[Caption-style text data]
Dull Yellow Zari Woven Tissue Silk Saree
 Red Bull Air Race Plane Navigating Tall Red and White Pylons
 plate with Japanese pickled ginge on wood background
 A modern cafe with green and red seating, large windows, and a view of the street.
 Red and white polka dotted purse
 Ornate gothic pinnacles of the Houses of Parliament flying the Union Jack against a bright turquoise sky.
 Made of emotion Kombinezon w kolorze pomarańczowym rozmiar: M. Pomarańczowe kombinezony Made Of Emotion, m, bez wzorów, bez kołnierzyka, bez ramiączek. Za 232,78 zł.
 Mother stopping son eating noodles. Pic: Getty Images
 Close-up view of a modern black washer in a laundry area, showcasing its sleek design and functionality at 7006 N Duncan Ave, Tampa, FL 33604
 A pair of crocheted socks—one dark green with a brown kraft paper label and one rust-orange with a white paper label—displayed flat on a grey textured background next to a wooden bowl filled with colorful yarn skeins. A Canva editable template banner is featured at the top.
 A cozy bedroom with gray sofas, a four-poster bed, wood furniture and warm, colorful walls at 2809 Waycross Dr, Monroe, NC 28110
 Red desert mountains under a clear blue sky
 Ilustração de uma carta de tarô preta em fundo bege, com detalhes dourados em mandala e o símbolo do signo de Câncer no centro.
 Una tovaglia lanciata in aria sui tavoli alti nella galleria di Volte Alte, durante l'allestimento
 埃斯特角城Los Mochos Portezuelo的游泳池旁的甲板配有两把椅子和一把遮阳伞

## What the exercise asks
Of all the entries above, repeat only the lines from the line that has "Made of emotion Kombinezon" to the line that has "Close-up view of", both lines included, exactly.

## Written response
 Made of emotion Kombinezon w kolorze pomarańczowym rozmiar: M. Pomarańczowe kombinezony Made Of Emotion, m, bez wzorów, bez kołnierzyka, bez ramiączek. Za 232,78 zł.
 Mother stopping son eating noodles. Pic: Getty Images
 Close-up view of a modern black washer in a laundry area, showcasing its sleek design and functionality at 7006 N Duncan Ave, Tampa, FL 33604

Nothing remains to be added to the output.